そしてもう一本抜いた。と同時にものすごい恐ろしさを感じた。こうちゃんは三本目に手を出そうとしている。撤退。目線を合わせる。そしてわたしは首を横に振る。こうちゃんは泥のついた手の甲で額の髪の毛を払い、目線で首肯する。そして二人で畑の外に出たかと思うと、こうちゃんはサンダルを脱ぎ捨て、わたしは何回も転び、立ち上がって、走り出した。

 アパートの玄関のドアをそっと閉める。

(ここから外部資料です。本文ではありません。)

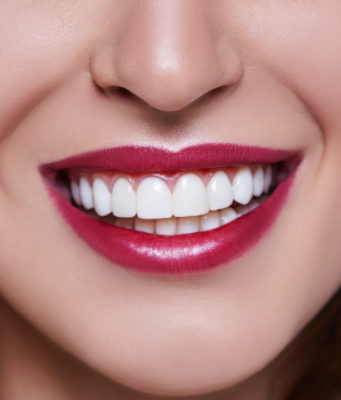 Профессиональная чистка зубов: как проходит процедура?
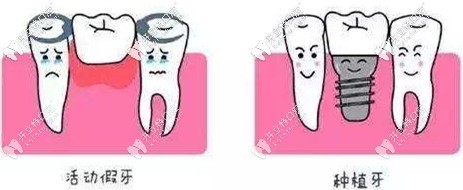 種植牙和活動(dòng)假牙不同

そして鍵をかけた瞬間、二人で大爆笑してしまった。こうちゃんもわたしも息も切れ切れに、笑いながら話す。

「本物のスリリングだな」

「ほんと、万引きは性欲の発露なんだっけ?」

笑いが止まらない。わたしたちはなおも笑い続けて、お風呂場で足とネギを洗う。

「あのサンダルだけどさ、一万二千円したんだぜ。ネギと交換かあ」

わたしたちはシャワーのお湯をかけあってみたり、ネギでこうちゃんの頭を叩いてみたり、とにかく笑っていた。

「こうちゃん、ネギを納豆に入れよう。そしてお味噌汁にもネギ入れよう」

「大賛成だ」

わたしはネギを刻みながら涙を流し、途中で鼻をかんだ。

「どうしたんだ?」

「ネギが新鮮すぎるのよ」

「そうか」

そのこうちゃんの「そうか」は何もかも知っていて、今のわたしの心の内もなにもかもわかっているみたいに聞こえた。

 こうちゃんがいてよかったな。今年こそ小説家になれるかな。それとも来年かな。もしくは再来年? でもそんな風に持てる情熱のほとんどを傾けるものそれを持っているわたしって、なんて幸せなんだろう。そして少し大きな声で、こうちゃんに尋ねる。

「ねえ、社会性を持つってどういうこと?」

「挨拶。そして知らないことを『知りません』って言えること」

「そっか」

だってネギが新鮮すぎる。目にどうもしみるのだ。

                                   了                                     

ずいぶん前に書いたものです。私小説的要素もあります。